Neubeuern - Am Sonntag hatten die Neubeurer Bürger in Sachen Funkmast das letzte Wort. In einem Rats- und Bürgerbegehren stimmten sie zum Thema Kommunales Konzept kontra 5G-Verbot ab. Die Stichwahl brachte das Ergebnis.

3362 Wahlberechtigte stimmen am Sonntag, 10. Januar, in Neubeuern darüber ab, ob die Gemeinde künftig Funkmasten mit 5G-Technik mit allen rechtlichen Mitteln zu verhindern sucht oder ein Mobilfunkkonzept erstellen soll. Die Bürger können drei Kreuze setzen: beim Bürgerentscheid, beim Ratsbegehren und bei der Stichfrage.

Stichfrage bringt beim Bürgerentscheid in Neubeuern zu 5G Klarheit

Die Stichfrage brachte schließlich auch das Ergebnis. Denn: Die beiden Fragen, die des Bürgerbegehrens sowie die des Ratsbegehrens, wurden von den Wählern mehrheitlich mit Ja beantwortet. Mit einem Vorsprung von 62 Stimmen wurde das Ratsbegehren befürwortet, wie die OVB Heimatzeitungen schreiben. Ein kommunales Mobilfunkkonzept soll künftig angestrebt werden, um bei weiteren Suchkreisanfragen der Mobilfunkbetreiber Sendeanlagen im baurechtlichen Außenbereich entstehen lassen zu können.

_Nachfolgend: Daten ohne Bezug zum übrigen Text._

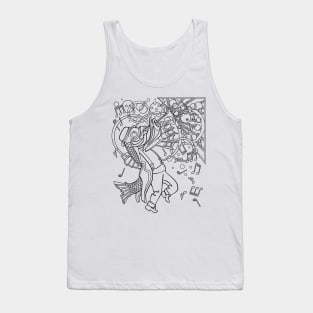 Fish with Trumpet Tank Top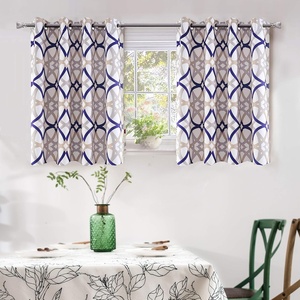 image:imageDriftAway Alexander Blackout Curtains for Living Room Linen Blend Pattern Match Thermal Insulated Room Darkening Geo Moroccan Mid Century Back Tab Bedroom Drapes 2 Panels 52 x 84 Inch Linen NavyG Navy Gray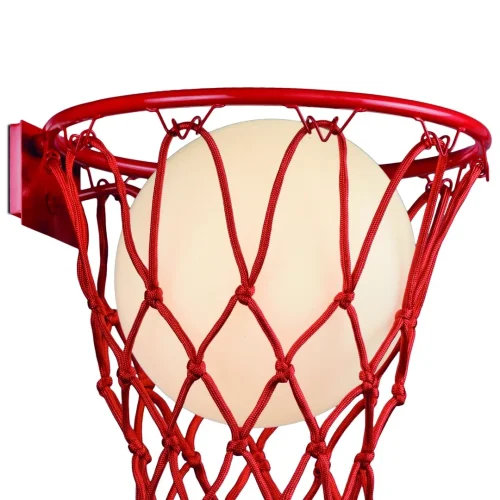 Бра Basketball 7244 Mantra красный белый на 1 лампа, основание красное в стиле современный баскетбол фото 3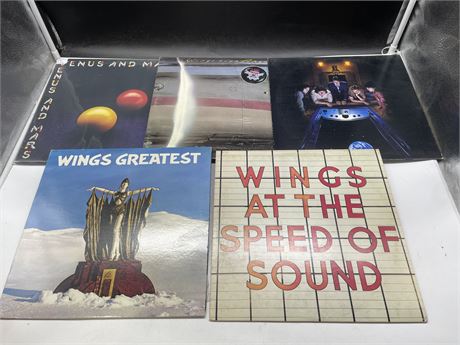 5 WINGS RECORDS - VG+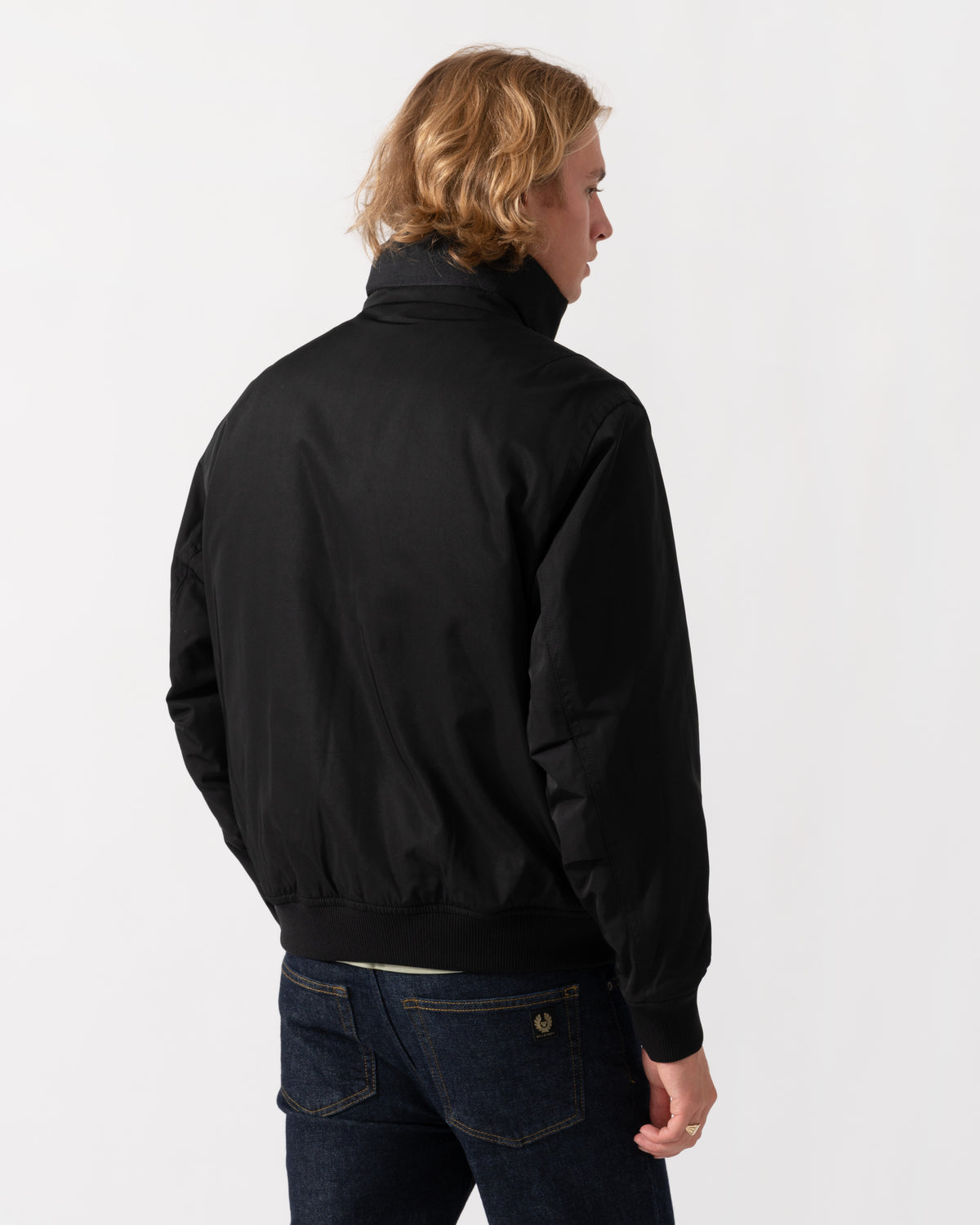 Back of the BOSS Orange Ojens 3-in-1 Bomber Jacket - Black 001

Mit fast 60 Prozent (59,91 Prozent) lag die Wahlbeteiligung sehr hoch, wie Wahlleiter Dieter Hartl gegenüber dem OVB betonte. 2014 Neubeurer haben gewählt, berechtigt waren 3362.

Beim Bürgerentscheid ging es konkret um die Frage, ob die Gemeinde „alle rechtlich zulässigen Maßnahmen ergreift, um Funksendeanlagen im Gemeindegebiet zu unterbinden“ sowie alle rechtlichen Möglichkeiten zur „Korrektur der Strahlungsleistung“ ausschöpfen soll. Beim Ratsbegehren wurde abgestimmt, ob die Marktgemeinde Neubeuern ein kommunales Mobilfunkkonzept erstellen soll, um im Außenbereich die Sendeanlagen entstehen zu lassen. Bei der Stichfrage, die zum Tragen kommt, falls Ratsbegehren und Bürgerentscheid mehrheitlich mit „ja“ beantwortet werden, geht es darum, welche Entscheidung künftig für Suchkreisanfragen von Mobilfunkbetreibern gelten soll – die des Bürgerentscheids oder die des Ratsbegehrens.